BRIEF
For this exercise, retype all the data exactly and exclude every image.

GIVEN DATA
=== Begin Enclosure ===

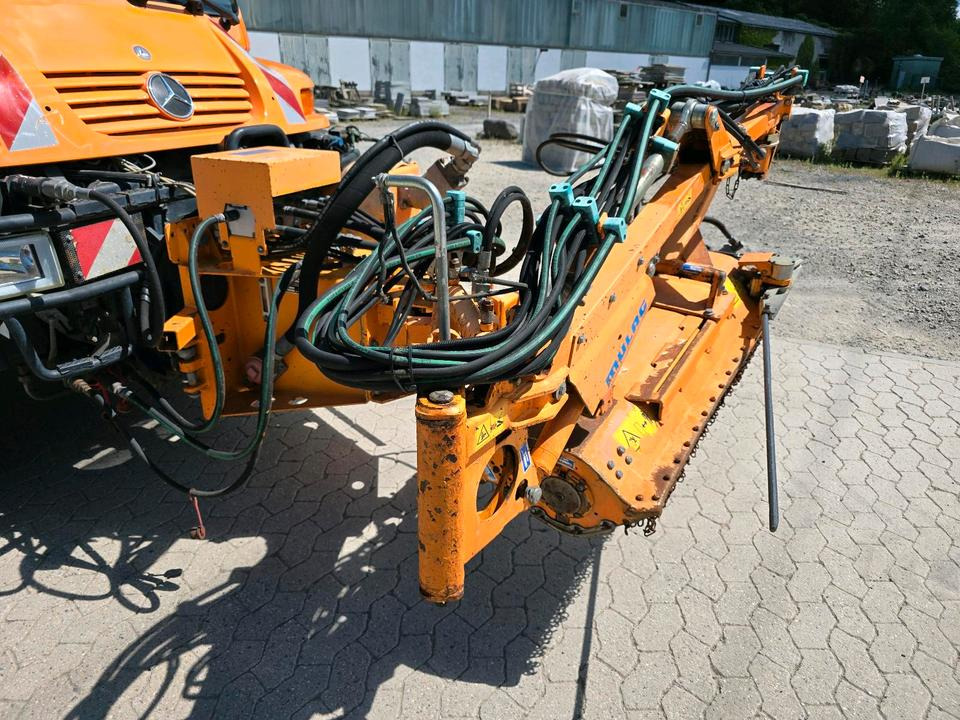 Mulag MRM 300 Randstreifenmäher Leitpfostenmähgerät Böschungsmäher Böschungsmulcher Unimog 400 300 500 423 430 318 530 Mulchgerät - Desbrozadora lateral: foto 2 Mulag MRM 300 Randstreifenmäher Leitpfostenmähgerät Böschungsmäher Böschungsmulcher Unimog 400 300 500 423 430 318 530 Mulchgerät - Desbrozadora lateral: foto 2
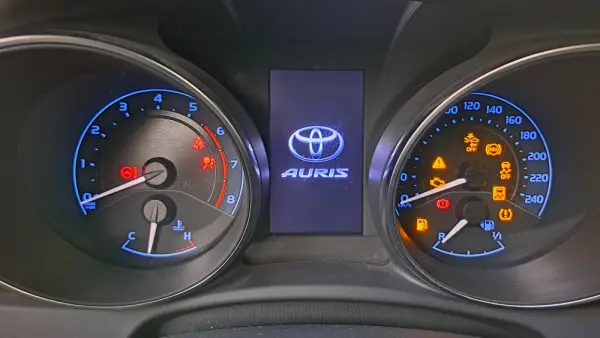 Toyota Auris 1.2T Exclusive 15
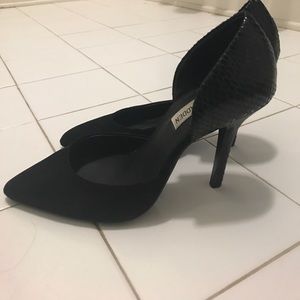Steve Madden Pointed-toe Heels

=== End Enclosure ===

SOLUTION FOR THIS TASK
 Mulag MRM 300 Randstreifenmäher Leitpfostenmähgerät Böschungsmäher Böschungsmulcher Unimog 400 300 500 423 430 318 530 Mulchgerät - Desbrozadora lateral: foto 2 Mulag MRM 300 Randstreifenmäher Leitpfostenmähgerät Böschungsmäher Böschungsmulcher Unimog 400 300 500 423 430 318 530 Mulchgerät - Desbrozadora lateral: foto 2
 Toyota Auris 1.2T Exclusive 15
Steve Madden Pointed-toe Heels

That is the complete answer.